Data science is a new and growing profession and many companies are scrambling to either find a data scientist or to increase their data team. But what exactly do these people do and how can they help all types of organizations?
At Super Forum 2017, we’re excited to bring Brad Klingenberg, the Vice President of Data Science at Silicon Valley startup Stitch Fix, as a keynote speaker. He’s going to talk about what data scientists can do for organizations and how they wrangle big data into actionable insights.
Here’s a brief introduction to Brad, Stitch Fix and data science.
Higher Logic: First things first—what is a data scientist?
Brad Klingenberg: I’ve always been fond on the definition from Josh Wills, a data scientist is “a person who is better at statistics than any software engineer and better at software engineering than any statistician.”
I think this is helpful in underscoring the unique position data science has at the intersection of so many disciplines. It’s a big tent and includes much of statistics, computer science, and machine learning among other related fields depending on application (e.g. natural language processing). In practice, data science includes a wide range of activities including experimentation, statistical modeling, machine learning, designing and implementing algorithms, some data engineering and, in general, making decisions with data. Because of its’ breadth, it’s hard to find something much pithier than the definition from Josh.

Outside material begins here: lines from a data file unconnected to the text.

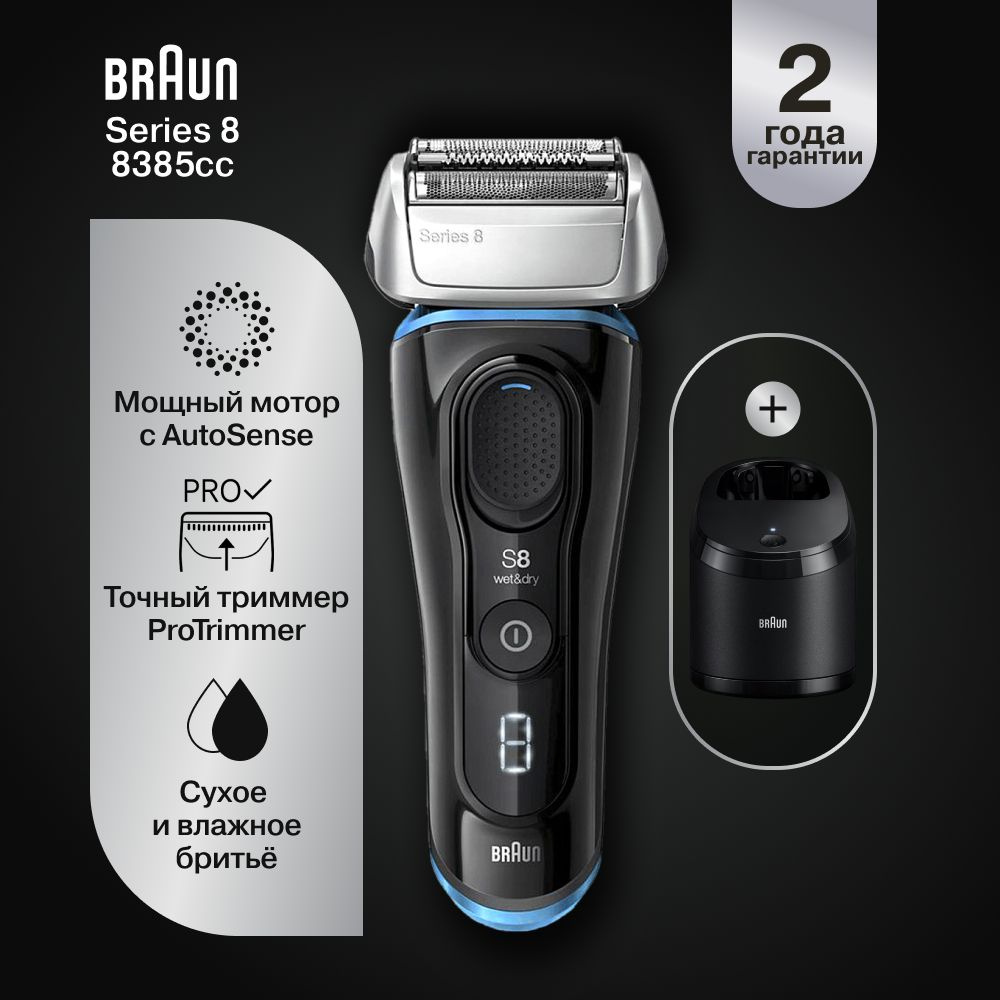 Мужская электробритва Braun Series 8 8385cc со станцией Clean&Charge и тканевым футляром  #1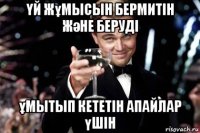 Үй жұмысын бермитін және беруді ұмытып кететін апайлар үшін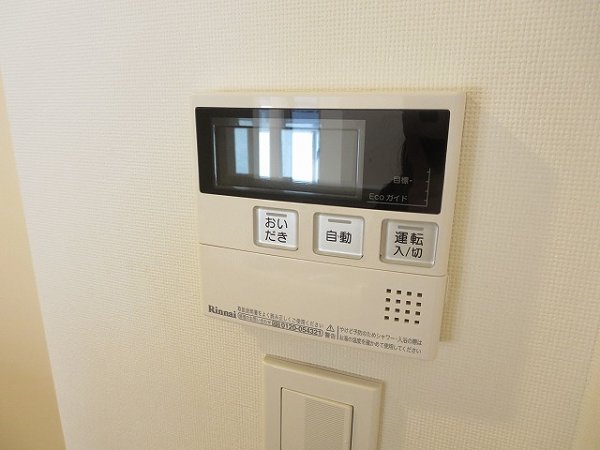 クレアーレ船堀 その他11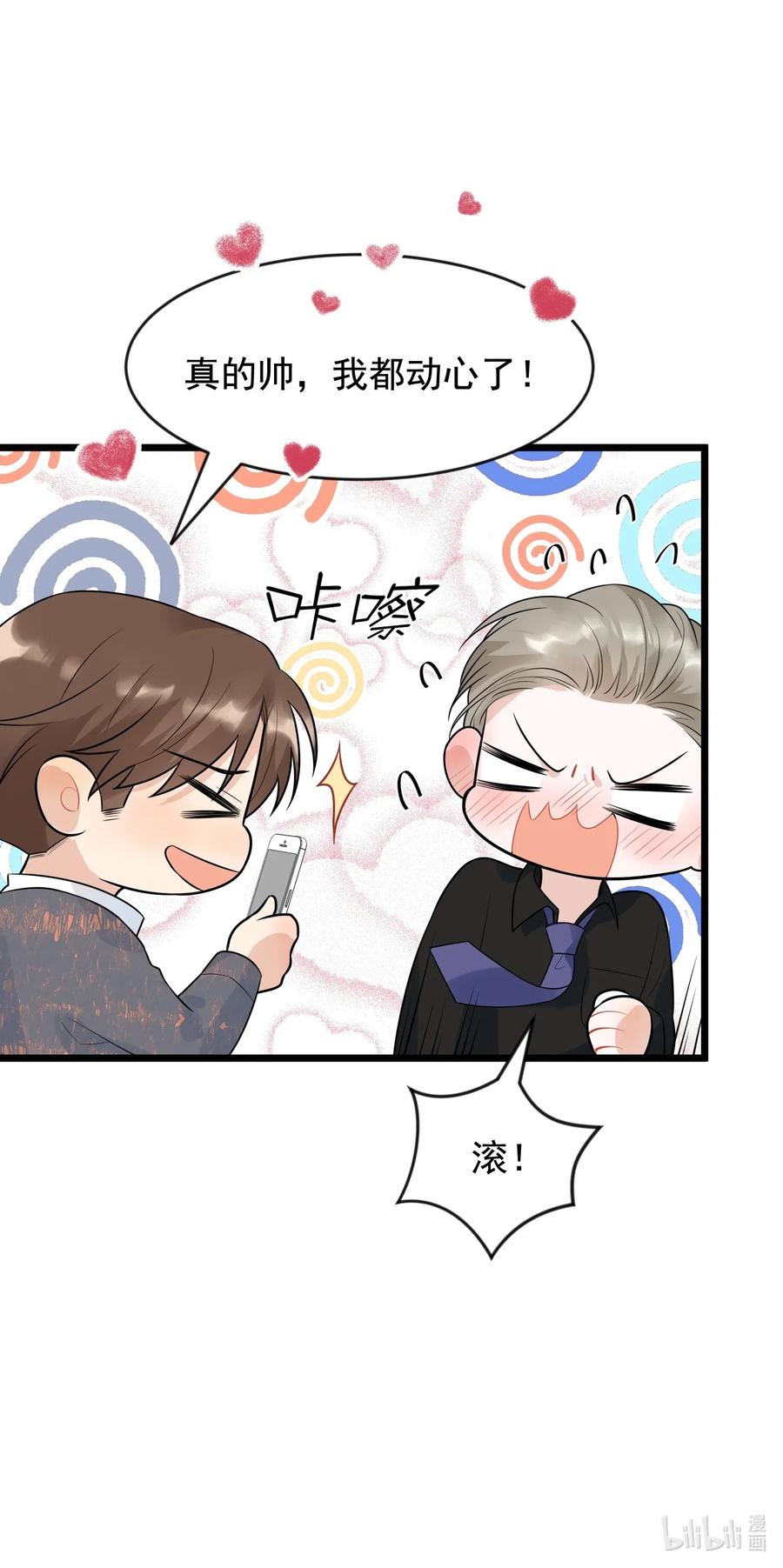 《落池》013 爱心早餐到了 第35页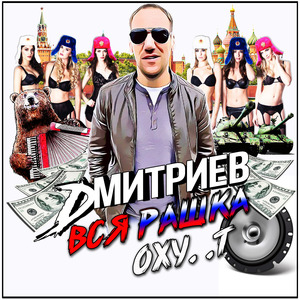 Вся рашка охуеет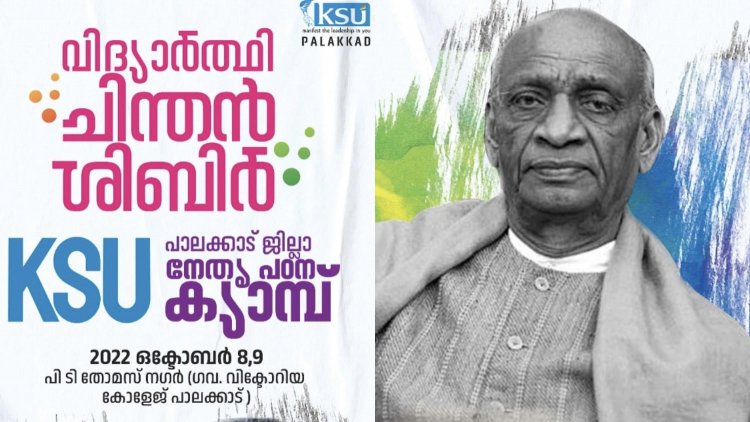 വിദ്യാർത്ഥി ചിന്തൻ ശിബിരിന്  ഇന്ന്  തുടക്കമാകും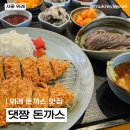 댓짱돈까스 | [서울/위례] 위례 돈까스 맛집 댓짱 돈까스 안심·등심 냉모밀 세트 솔직후기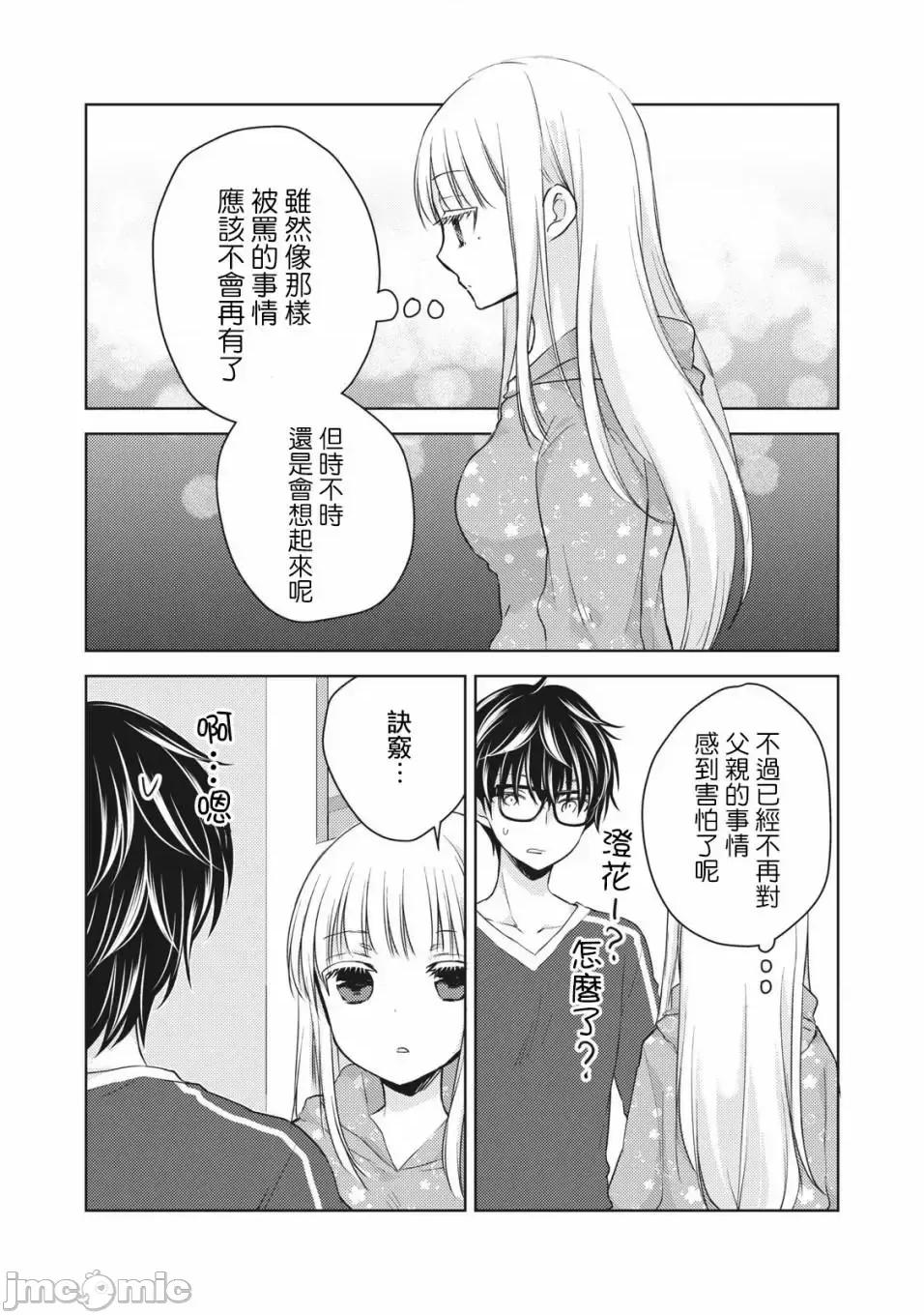 高冷妻子的新婚生活 不熟練的兩人 29 第7页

HL: What are the qualities of a good data scientist?
BK: Data science requires a strong technical skillset, but that’s often not what separates a great data scientist from a good data scientist. Beyond technical skills, two important qualities are: a maturity in framing problems and building models, as well as comfort with ambiguity.
The best data scientists are often the ones who know when a simple solution is the right one and don’t overcomplicate their approaches - a preference that usually comes with experience working with data and models. Being comfortable with ambiguity is similarly important. Many people can excel when a clearly framed prediction problem is presented to them, but the best are those who can figure out what problems to solve in the first place. Defining the goal of a project, how to measure its success, and what exactly you are optimizing is often trickier and more important than commonly appreciated.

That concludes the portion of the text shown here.